• ASSIGNMENT: Each record that follows should be repeated exactly, with no pictures carried over.

Captioned web images:
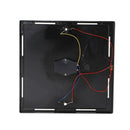 Clear Acrylic Display Case with Black Base, 8.27x8.46x10.24inch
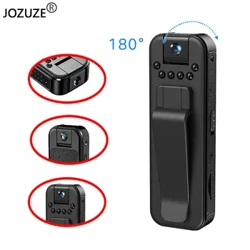 JOZUZE MD13 HD 1080P Mini cameră video digitală portabilă video recorder pentru poliție BodyCam Camera video în miniatură cu vedere nocturnă în infraroșu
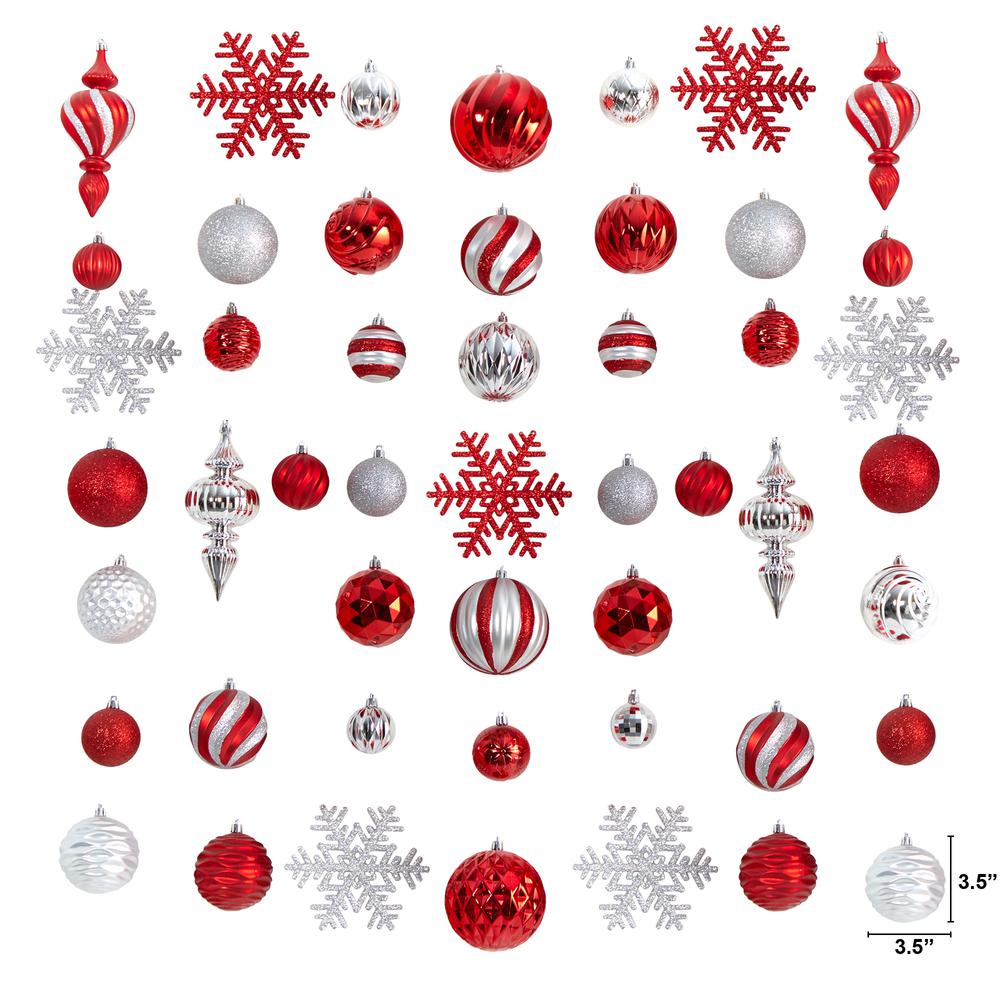 Holiday Deluxe Shatterproof, 81  Count Christmas Tree Ornament Box Set. Picture 3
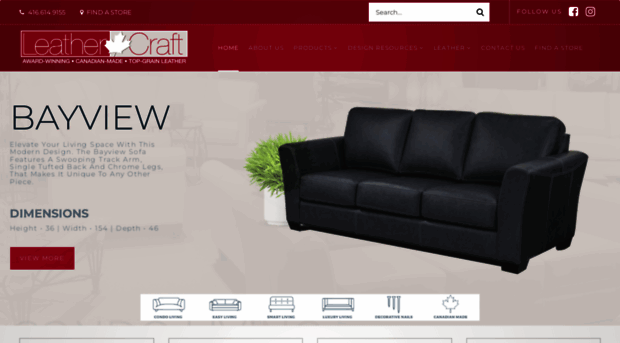 leathercraftfurniture.ca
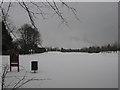 Snow covered Gillingham Golf Course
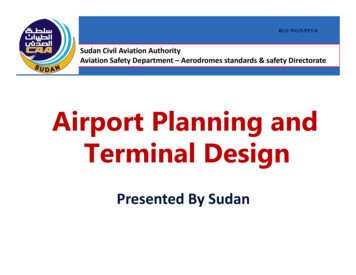 Airport Planning And Terminal Design - ICAO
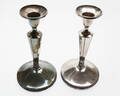 LJUSSTAKAR 1 par, silver, 1900-tal.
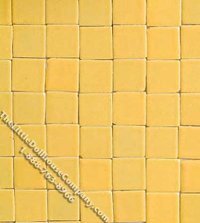 (image for) Miniature Yellow Tiles for Dollhouses (12.5"x6.5" sheet)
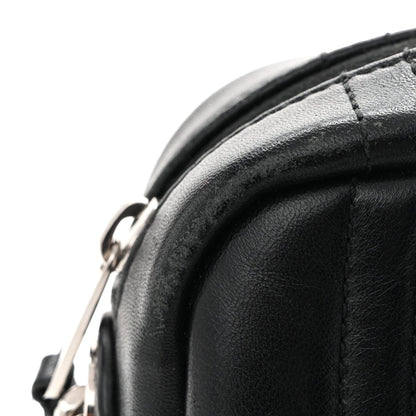 Calfskin Quilted Small Lola Camera Bag Black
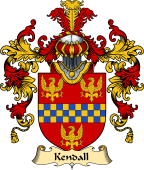 English Family Coat of Arms (v.25) Kendall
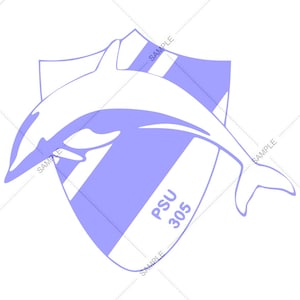 Coast Guard Port Security Unit 305 Seal Logo Vector SVG PNG voor gravure en ontwerp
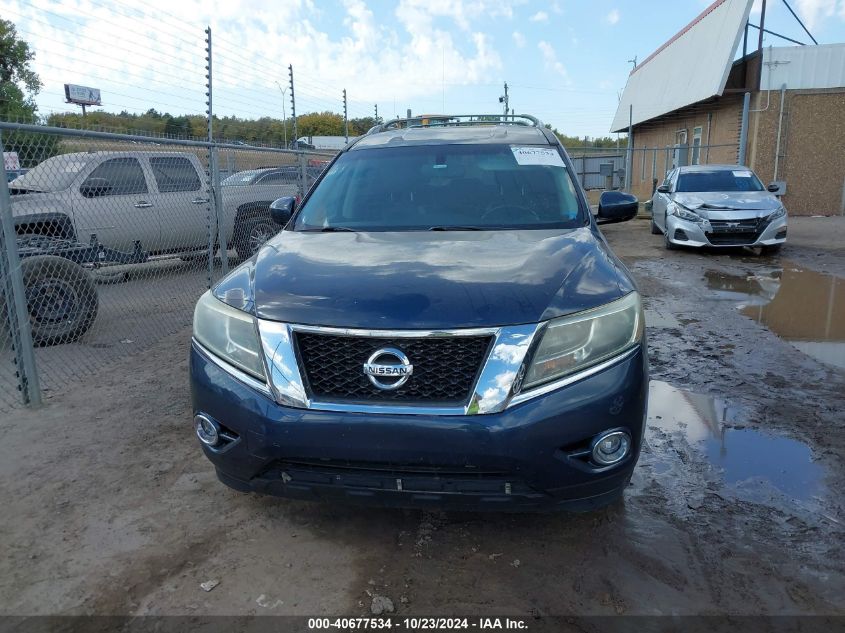 2015 Nissan Pathfinder Sl VIN: 5N1AR2MN2FC721709 Lot: 40677534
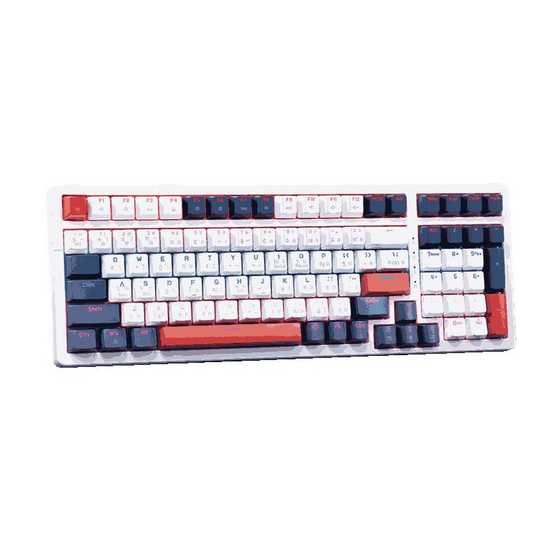 EGA คีย์บอร์ดเกมไร้สาย Type CMK1 Blue Switch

• ANSWER TO THIS TASK:
 Clear Acrylic Display Case with Black Base, 8.27x8.46x10.24inch
 JOZUZE MD13 HD 1080P Mini cameră video digitală portabilă video recorder pentru poliție BodyCam Camera video în miniatură cu vedere nocturnă în infraroșu
 Holiday Deluxe Shatterproof, 81  Count Christmas Tree Ornament Box Set. Picture 3
 leathercraftfurniture.ca
 Snow covered Gillingham Golf Course
 Airport Planning And Terminal Design - ICAO
 LJUSSTAKAR 1 par, silver, 1900-tal.
 (image for) Miniature Yellow Tiles for Dollhouses (12.5"x6.5" sheet)
 Calfskin Quilted Small Lola Camera Bag Black
 English Family Coat of Arms (v.25) Kendall
 Coast Guard Port Security Unit 305 Seal Logo Vector SVG PNG voor gravure en ontwerp
 2015 Nissan Pathfinder Sl VIN: 5N1AR2MN2FC721709 Lot: 40677534
 EGA คีย์บอร์ดเกมไร้สาย Type CMK1 Blue Switch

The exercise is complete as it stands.